“There is a recipe for disruptive dynamics in markets if policy adjustments have to gather steam in a synchronized way,” said New York-based [Bruce] Kasman, a former official at the Federal Reserve Bank of New York who now oversees economic research at the second-largest U.S. bank by assets. Such a scenario could develop in 12 to 36 months and would “take a toll on risk assets. Bonds get killed,” he said....The trouble is, central banks seem to be behind the inflation curve. (Veteran central-bank watchers won't be surprised.) There's some sign that inflation in mainland China is feeding on itself despite rate hikes by the People's Bank of China.

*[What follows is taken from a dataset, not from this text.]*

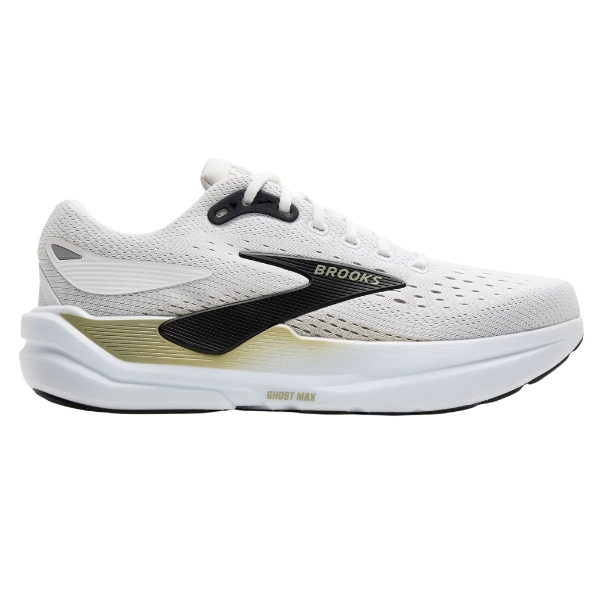 The BROOKS Men's Ghost Max 3 Wide White/Tea is a white running shoe with black and gold accents, breathable mesh upper, thick cushioned sole for plantar fasciitis relief, and the Brooks logo. “Brooks Ghost Max 3” appears on the midsole.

One expert in the symposium said that central banks may let inflation run because of fears of financial instability.
Although he doubts developing countries are losing control of inflation, Jim O’Neill, the London-based chairman of Goldman Sachs Asset Management, says the yield on the 10-year U.S. Treasury note could “quickly” reach 5 percent if global growth is allowed to pick up faster than anticipated, forcing the Fed to start normalizing policy. The interest rate on the benchmark U.S. security was 3.49 percent on March 4....
“The biggest thing I worry about is a major sell-off in bonds like 1994,” said O’Neill, who helps to manage about $840 billion. “The ideal situation is the developed world comes back as the developing world slows, but what could happen is as the U.S. and others strengthen, they give the developing world another growth kick.”
As the fears engendered by '08 fade, it does look like the central banks have done it again - although they had help from too-optimistic sovereign debt markets. Real rates on global bonds are at about zero, providing further fuel for gold's climb.